Task to carry out> Begin at the line with "Carlos Pernía: el" and output every line through the end of the records, exactly as given. Omit pictures.

Records>
=== Section Start ===
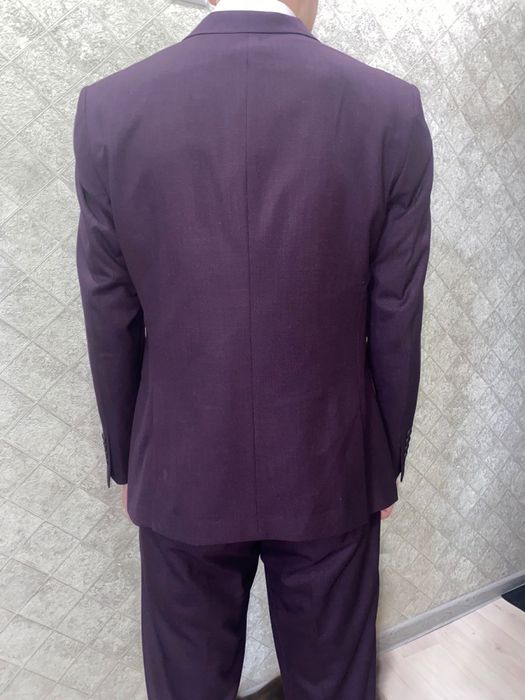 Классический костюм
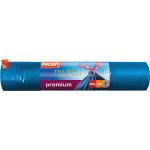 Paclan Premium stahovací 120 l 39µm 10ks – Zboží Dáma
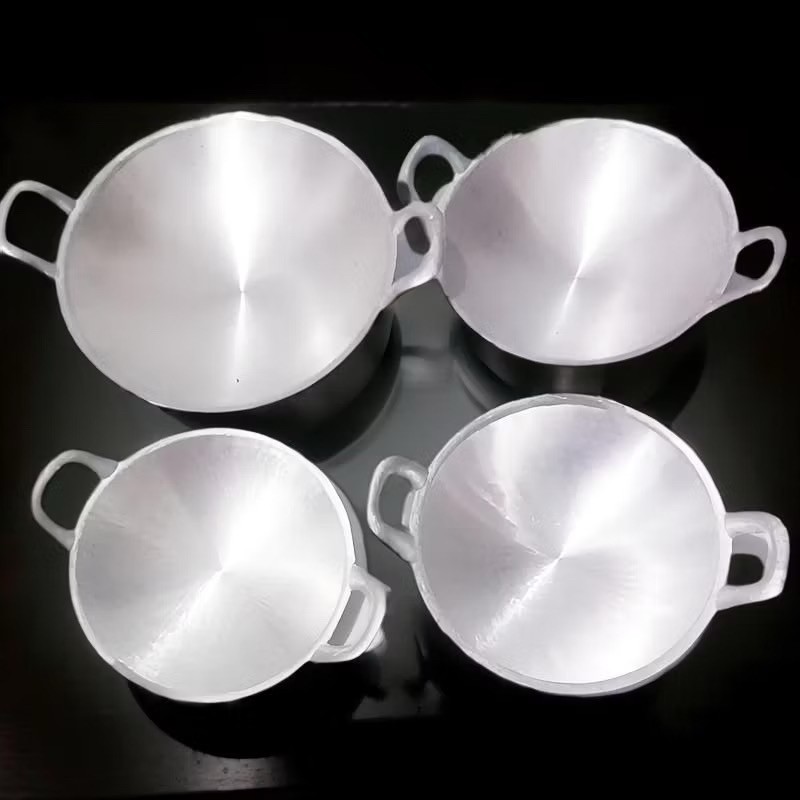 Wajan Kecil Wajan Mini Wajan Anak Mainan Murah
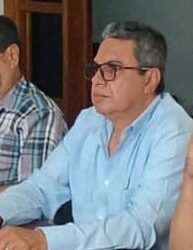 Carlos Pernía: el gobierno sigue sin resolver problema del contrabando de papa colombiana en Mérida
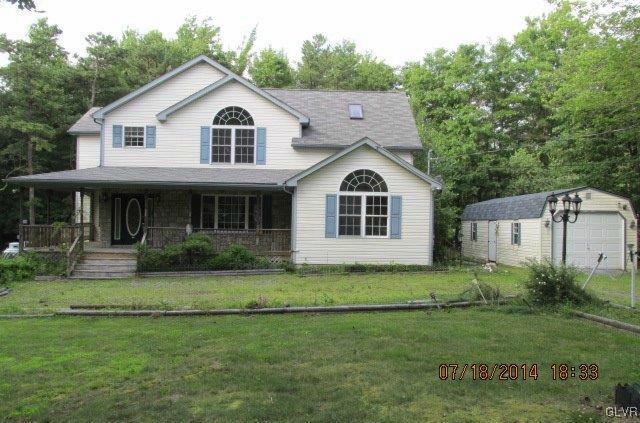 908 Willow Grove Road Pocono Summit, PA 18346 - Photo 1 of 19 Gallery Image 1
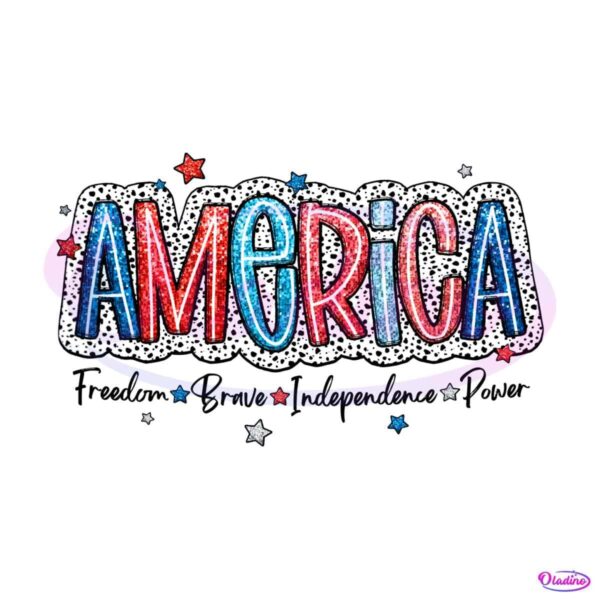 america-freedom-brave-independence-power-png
=== Section End ===
Solution>
 Carlos Pernía: el gobierno sigue sin resolver problema del contrabando de papa colombiana en Mérida
 908 Willow Grove Road Pocono Summit, PA 18346 - Photo 1 of 19 Gallery Image 1
 america-freedom-brave-independence-power-png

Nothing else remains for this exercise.